A recent article by CIO.com titled, "Apple in the Enterprise: Breaking Microsoft's Grip", makes the keen observation that Microsoft is starting to lose their dominant grip in the corporate space. Apple's iPhone and iPad are breaching corporations the same way that Research In Motions Blackberry's did — through the Sales & Marketing Door. iPad's and iPhone's work well on most corporate networks, so it's been difficult for the IT department to prohibit the use of iOS devices within sales and marketing groups. The result has been an explosion of Apple's iOS devices being used in Microsoft's seemingly impenetrable fortress: corporate environments.
In the past five years Microsoft has seen the mobile market take off without being part of the ride. It is not likely that Microsoft will sit idly by and watch the corporate desktop/laptop space be replaced, in large part, by iOS devices. One possible Microsoft response is to make Microsoft's server and networking products only work with their Windows 7x and 8 devices. While this may seem like a backwards move, it may be what ends up happening. When an animal is in trapped in the corner, that is when they are most dangerous and most irrational. Microsoft will do anything to protect their corporate market share and revenue stream. It's clear Microsoft's mobile offerings are no where near Apple, so the next move is to try to cut Apple and others off at the knees.
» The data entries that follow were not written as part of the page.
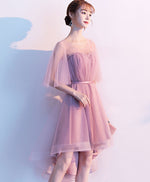 Pink Tulle Short Prom Dress, Pink Tulle Homecoming Dress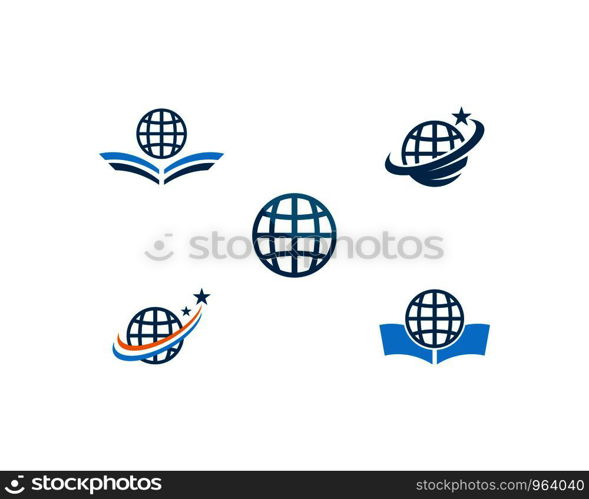 globe ilustration logo vector template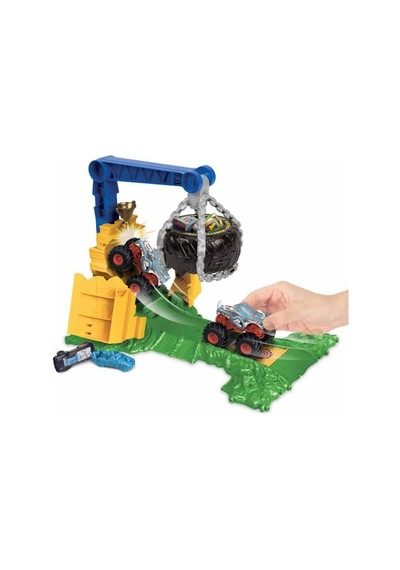 Hot Wheels Monster Trucks Arenada Rhinomite Mücadelesi Oyun Seti Htp18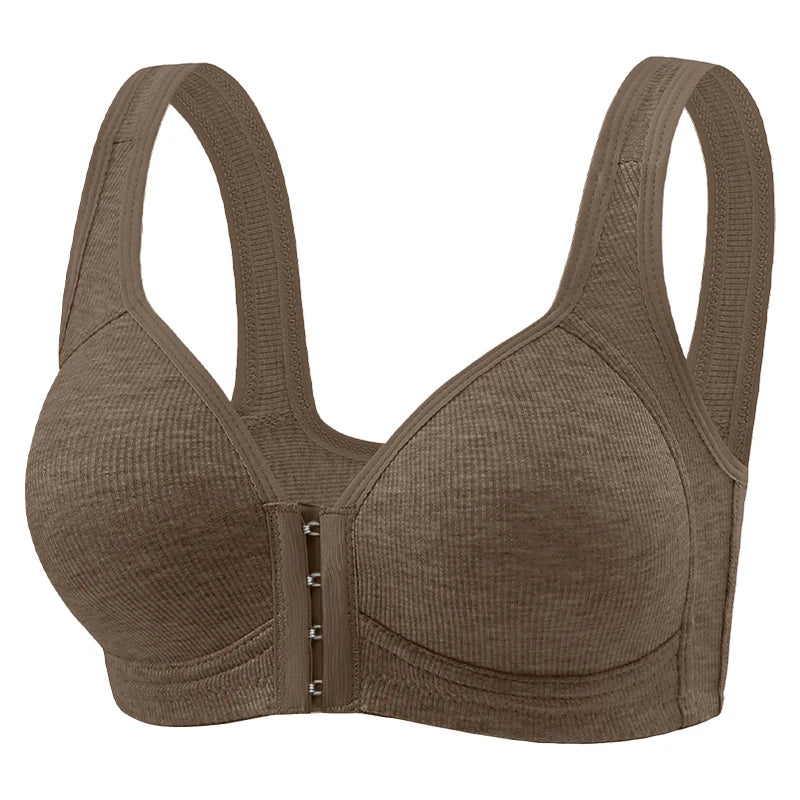 Seamless Front-Closure Push-Up Bra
If Microsoft does take protective action, many IT departments will start to look elsewhere for networking and groupware services. But it's highly unlikely that IT departments will be successful in switching out iOS devices for Windows 7 products, due to IT teams giving their user choices. To reign in choice sets up ugly fight, one where the VP with an iPad typically wins. One such company that IT departments may look to is Google. Google provides groupware (scheduling and email) as well as Google Docs (office-like products). While iOS devices work with Google's cloud applications, this trend wouldn't be something Apple would necessarily cheer. Google could take advantage of this move by making its cloud services work best with Android devices, and in this scenario Apple becomes the odd man out.
If Apple wants to think ahead, it should really rethink its server strategy. While the XServe wasn't selling well, offering a server that deliveres the best networking and groupware services for Apple devices only makes sense. Allowing Google to scoop up Microsoft defectors only gives Google more power in the mobile space.
Apple's "Xserve 2" doesn't have to be the über server, but it needs to be the best server to integrate and use iOS (and Mac) devices. While OS X Lion Server is close, Apple really needs to take the next step of hardware and software integration to make these services dead simple, giving corporations the ability to create their own private cloud solutions with ease.
If Apple doesn't want to build the hardware, then license their software to Dell or HP. However, the real Apple-way is to build an integrated hardware and software solution that is second-to-none.
Unless Apple does something different, someone will fill the void. What's worse, the solution that arrives is not likely to be in Apple's — or those of us who use iOS devices — best interest.